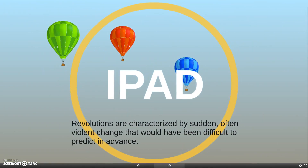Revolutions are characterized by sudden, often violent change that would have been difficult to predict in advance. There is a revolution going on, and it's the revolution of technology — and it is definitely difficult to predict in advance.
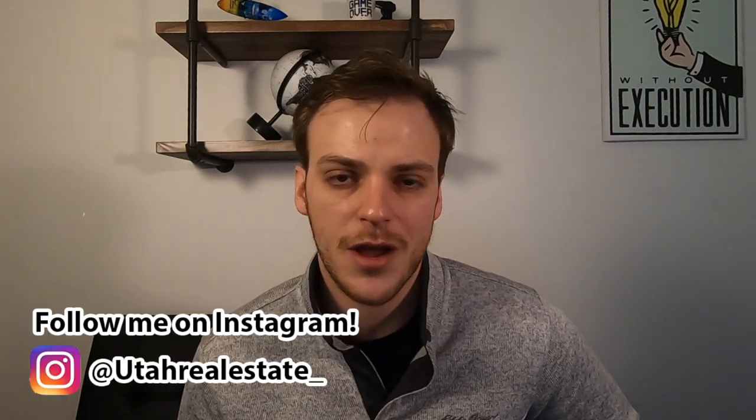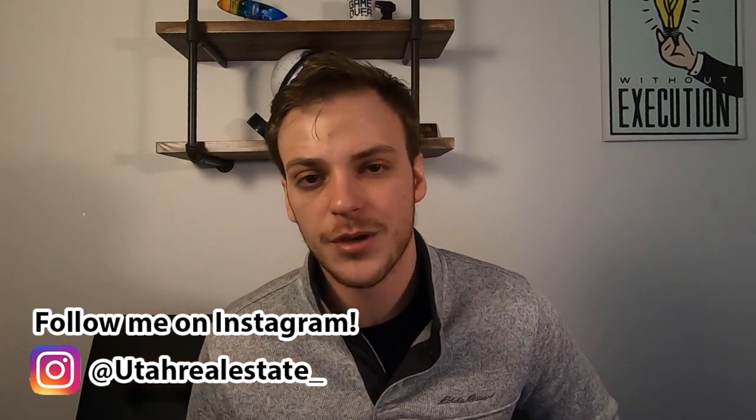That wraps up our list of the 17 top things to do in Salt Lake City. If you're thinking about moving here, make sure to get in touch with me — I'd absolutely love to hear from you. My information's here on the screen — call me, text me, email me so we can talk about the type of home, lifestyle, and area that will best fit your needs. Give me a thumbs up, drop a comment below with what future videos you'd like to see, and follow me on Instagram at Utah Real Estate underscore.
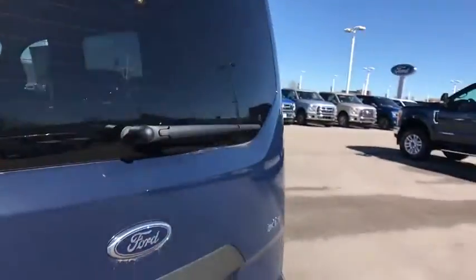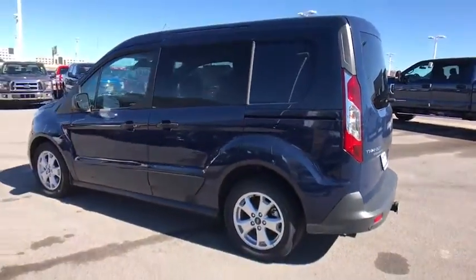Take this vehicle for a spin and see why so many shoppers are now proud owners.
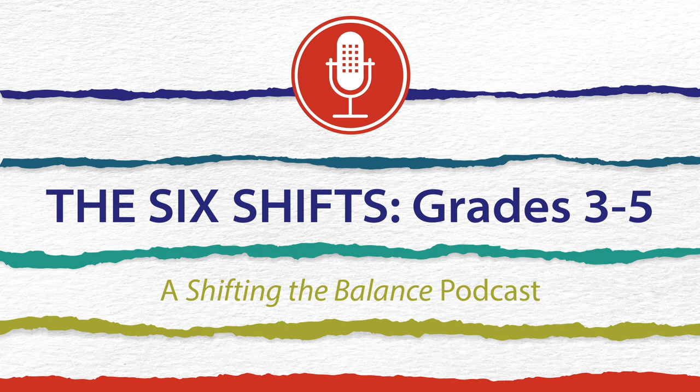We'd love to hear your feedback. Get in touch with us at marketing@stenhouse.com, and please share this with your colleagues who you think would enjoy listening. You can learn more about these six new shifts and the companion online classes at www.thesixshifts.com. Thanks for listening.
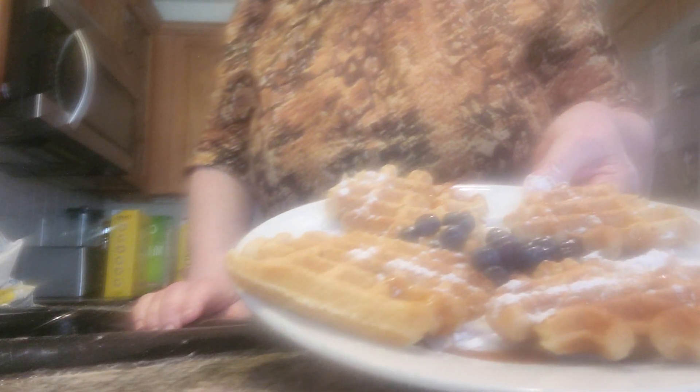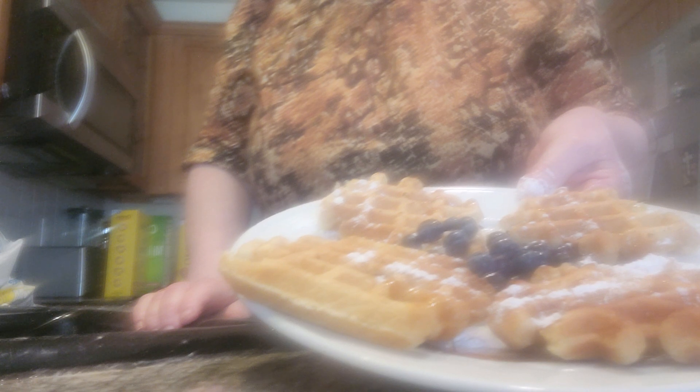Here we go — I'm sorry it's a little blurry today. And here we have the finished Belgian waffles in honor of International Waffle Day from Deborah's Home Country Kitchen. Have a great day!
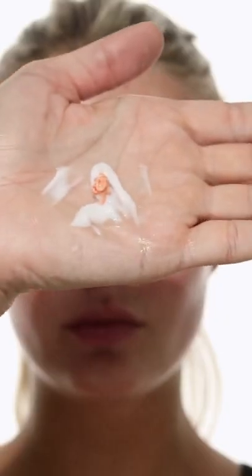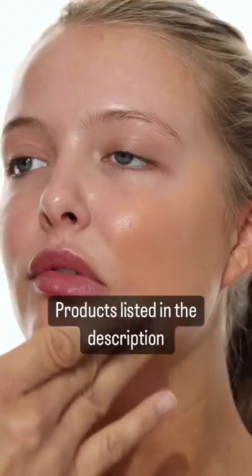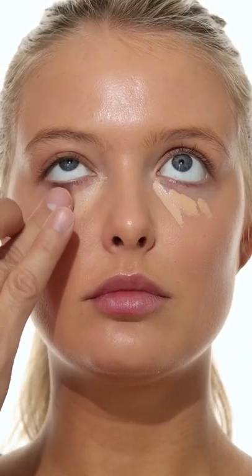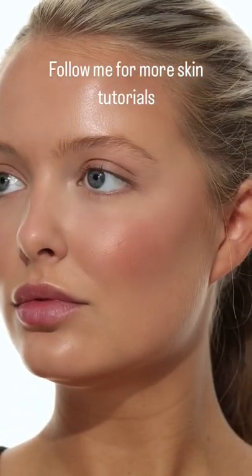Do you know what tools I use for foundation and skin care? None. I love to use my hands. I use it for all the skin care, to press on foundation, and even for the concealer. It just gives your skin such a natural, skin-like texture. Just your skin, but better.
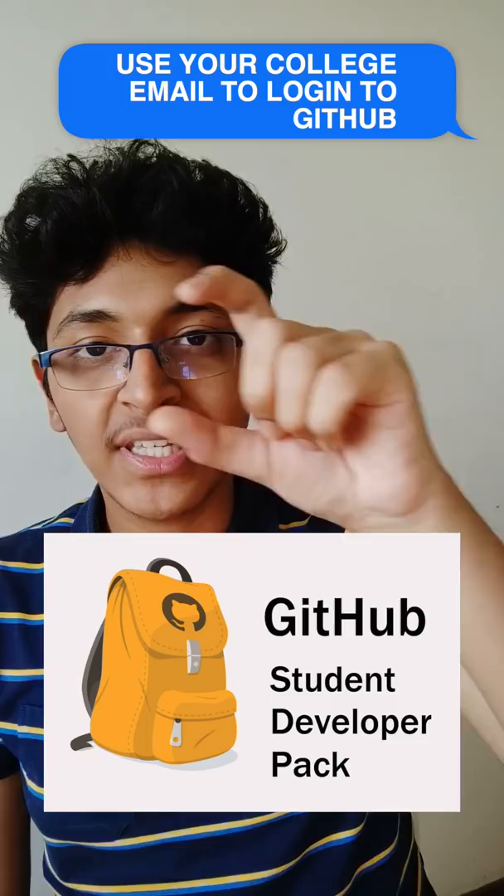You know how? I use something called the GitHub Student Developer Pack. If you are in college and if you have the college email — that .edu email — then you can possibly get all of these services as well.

Work required - Print all the material above verbatim and omit its pictures.

Solution to the problem -
Revolutions are characterized by sudden, often violent change that would have been difficult to predict in advance. There is a revolution going on, and it's the revolution of technology — and it is definitely difficult to predict in advance.
That wraps up our list of the 17 top things to do in Salt Lake City. If you're thinking about moving here, make sure to get in touch with me — I'd absolutely love to hear from you. My information's here on the screen — call me, text me, email me so we can talk about the type of home, lifestyle, and area that will best fit your needs. Give me a thumbs up, drop a comment below with what future videos you'd like to see, and follow me on Instagram at Utah Real Estate underscore.
Take this vehicle for a spin and see why so many shoppers are now proud owners.
We'd love to hear your feedback. Get in touch with us at marketing@stenhouse.com, and please share this with your colleagues who you think would enjoy listening. You can learn more about these six new shifts and the companion online classes at www.thesixshifts.com. Thanks for listening.
Here we go — I'm sorry it's a little blurry today. And here we have the finished Belgian waffles in honor of International Waffle Day from Deborah's Home Country Kitchen. Have a great day!
Do you know what tools I use for foundation and skin care? None. I love to use my hands. I use it for all the skin care, to press on foundation, and even for the concealer. It just gives your skin such a natural, skin-like texture. Just your skin, but better.
You know how? I use something called the GitHub Student Developer Pack. If you are in college and if you have the college email — that .edu email — then you can possibly get all of these services as well.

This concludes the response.